Manfaat "Outdoor Activity" Bagi Perkembangan Anak
Selasa, 7 Januari 2014 | 20:30 WIBJakarta - Perkembangan teknologi yang sangat pesat membuat anak-anak lebih memilih bermain dengan gadget-nya ketimbang melakukan outdoor activity.
Padahal menurut Psikolog Kassandra Putranto, kebiasaan tersebut bisa mempengaruhi tumbuh kembang anak dan perilakunya.
"Karena tidak pernah melakukan aktivitas fisik di luar, anak-anak jadi tidak bugar dan membuatnya tidak produktif," katanya di Jakarta, Selasa (7/1).

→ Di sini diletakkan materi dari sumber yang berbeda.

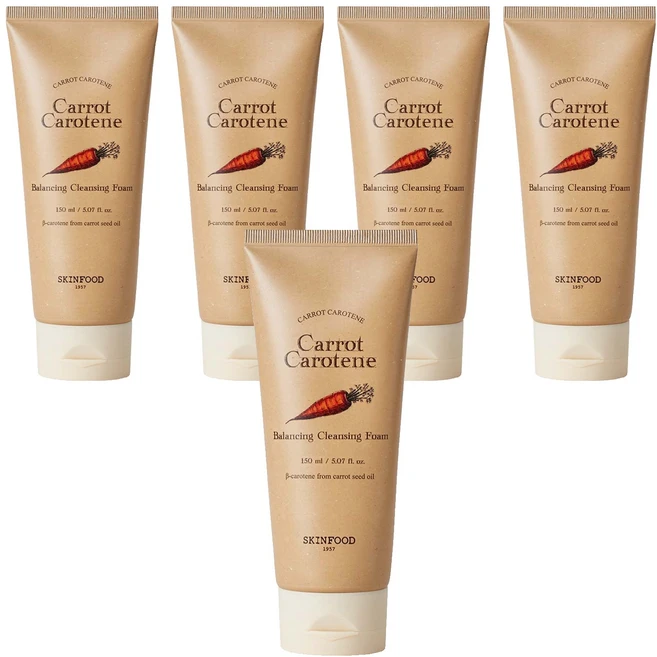 스킨푸드 캐롯 카로틴 밸런싱 클렌징 폼, 150ml, 5개 - 쿠팡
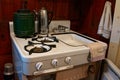 Kitchen of Sea Castle Motel cabin 2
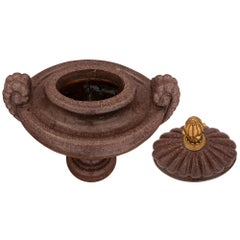 Italian Early 19th Century Solid Porphyry and Ormolu Urn, circa 1810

Menurut Kassandra, kebiasaan ini juga bisa muncul akibat pola asuh yang salah ketika masih kecil. "Anak-anak jadi mudah terserap gadget dan televisi daripada outdoor activity karena memang sejak kecil dibiasakan ditinggal sendiri menonton acara televisi. Di sini ada penyalahgunaan manfaat karena gadget dan televisi diberikan orangtua supaya anaknya lebih tenang," jelas dia.
Bila dibiarkan, tambah psikolog keluarga ini, efeknya tidak hanya mempengaruhi fisik si anak, tapi juga perilakunya. "Dari segi fisik, anak-anak yang terbiasa bermain gadget biasanya jadi lebih bungkuk karena struktur tulangnya tidak tumbuh dengan baik akibat sering menunduk. Dia juga jadi lebih emosional terkait game yang dimainkan. Dan yang parahnya lagi, si anak jadi lebih terpaku pada indoor activity, tidak mau beraktivitas di luar karena alasan capek atau malas," paparnya.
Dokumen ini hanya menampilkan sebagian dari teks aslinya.